GÜNCEL / MART 2016
Tüm doğumsal hastalıklar arasında en sık görüleni kalbin yapısal bozukluklarıdır. Doğumsal kalp hastalığı görülme sıklığının yaklaşık %1 olduğu göz önüne alındığında ülkemizde her yıl yaklaşık 12.000 yeni doğuştan kalp hastası dünyaya gelmektedir. Doğumsal kalp hastalıkları değişik şiddette ve şekilde olabilir ve %40’ı hayatlarının bir döneminde anjiyo ya da ameliyat yolu ile tedavi gerektirir. Tedavi ihtiyacı olanların 1/3’ünde her yönden çok özel bir dönem olan bebeklik döneminde bu işlemlerin yapılması hayat kurtarıcı olmaktadır. Günümüzde doğmadan önce tanı koyulabilmesi ile tedavi şansı yakalayabilecek bebek sayısı giderek artmaktadır. Doğumsal kalp hastalıklarının daha az ciddi olanları ise çocukluk yıllarında ya da yetişkinlikte bile teşhis edilebilmektedir.
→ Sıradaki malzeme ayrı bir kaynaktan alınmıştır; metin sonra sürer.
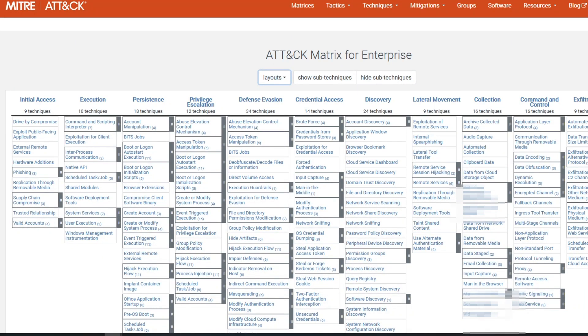Next up we have the MITRE ATT&CK framework. This is something every offensive security engineer should know, or at least be familiar with — as well as blue teams, especially if you're on incident response and hunt. You'll be going and trying to find TTPs — tactics, techniques, and procedures — of what a malicious actor would do, and you'd build countermeasures to that. I'll put a link to all of this down below.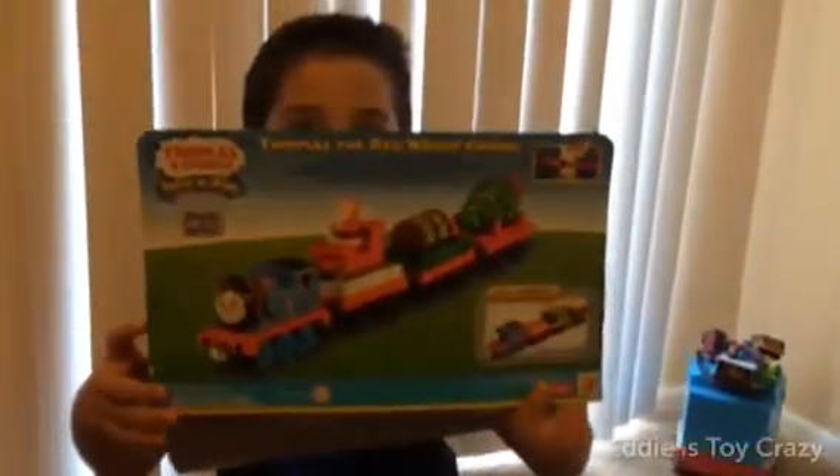That is pretty awesome. I did the same thing on the box. That's how it's supposed to go. You did exactly how the box is. Bye, everybody. Don't forget to like this video and subscribe to Eddie's videos.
Ancak erken müdahele gerektiren bazı tiplerinin teşhisinin gecikmesi tedaviyi olanaksız hale getirebilmektedir.
Doğumsal kalp hastalığı ve sonuçları hakkında farkındalık yaratmak, toplumsal bilinci artırmak ve çocukların kalplerinin sağlığına kavuşmasına destek olmak amacıyla “7–14 Şubat Dünya Doğumsal Kalp Hastalıkları Farkındalık Haftası’’ kapsamında Türk Pediatrik Kardiyoloji ve Kalp Cerrahisi Derneği’nin öncülüğü ve global biyofarma şirketi AbbVie’nin desteği ile bir basın toplantısı düzenlendi.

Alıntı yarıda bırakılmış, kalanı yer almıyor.